Léa et Louma Salamé. DR
Léa et Louma Salamé. DR

« Je voulais réussir pour mon père, pour ne pas le décevoir. J’étais obsédée par l’image qu’il avait de moi », raconte la journaliste qui fait sa scolarité au collège jésuite Saint-Louis de Gonzague (XVIe), puis à l’école Alsacienne (VIe). Volonté de s’intégrer, obligation de réussir, échec interdit. Au collège, Hala est moquée. Ses camarades amalgament le prénom de la jeune femme pourtant catholique — qui veut dire « bienvenue » et qui est très courant au Liban —, avec Allah, « Dieu » en arabe. L’adolescente ne supporte plus de s’entendre surnommer « Allah akbar ».

Et Hala devint Léa

À son entrée au lycée, elle conjure sa mère de l’inscrire sous son deuxième prénom, Léa, en cachette de son père. Elle redoute que le patriarche voie cela comme un reniement. « J’ai mis du temps à comprendre que ma différence allait être ma force », reconnaît-elle aujourd’hui, sans regretter son choix.

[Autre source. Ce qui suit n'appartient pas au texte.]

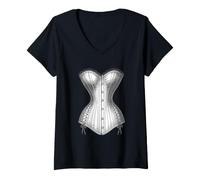 Mujer Corsé Vintage Bridal Fashion Art Camiseta Cuello V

Gentiment rebelle, Léa Salamé affirme sa personnalité. « Elle avait dès le plus jeune âge, un sens de la répartie redoutable, une franchise désarmante. À 14 ans, elle était capable de débattre avec une tablée d’adultes et de répondre au tac au tac aux invités de mes parents », se souvient sa petite sœur.



Léa Salamé tombe dans l’actualité internationale dès le berceau, se passionne pour la politique. À son entrée à Sciences-po Paris, la jeune femme dit hésiter entre journaliste, diplomate et avocate. Son destin va décider à sa place. En septembre 2001, elle s’envole pour une année d’échange à la New York University. Deux semaines après son arrivée, les tours du World Trade Center, à deux pas de la résidence universitaire où elle séjourne, sont attaquées par des terroristes d’Al-Qaïda. Évacuée et blessée, elle se met à réaliser des reportages avec sa promotion sur les traumatismes de cette ville décapitée. « Là, j’ai su que c’était ce que je voulais faire à mon retour à Paris », affirme-t-elle dans une interview en 2010.

Pour sa sœur, tout était écrit dans son parcours dès cette enfance tourmentée : « Pour moi, son métier est devenu une évidence très tôt durant l’enfance. Elle était passionnée par l’actualité internationale, la politique, la culture. C’était très clair qu’elle allait devenir journaliste. » De là à l’imaginer au 20 Heures, devenir la journaliste la plus regardée de leur pays d’adoption ? La promotion a été stupéfiante pour les proches. La fierté, immense. Pour eux pas de doute : Léa Salamé est un pur produit de la méritocratie, un exemple d’intégration pour une petite-fille d’agriculteur libanais, instituteur de son village, arrivée en France à l’âge de 5 ans.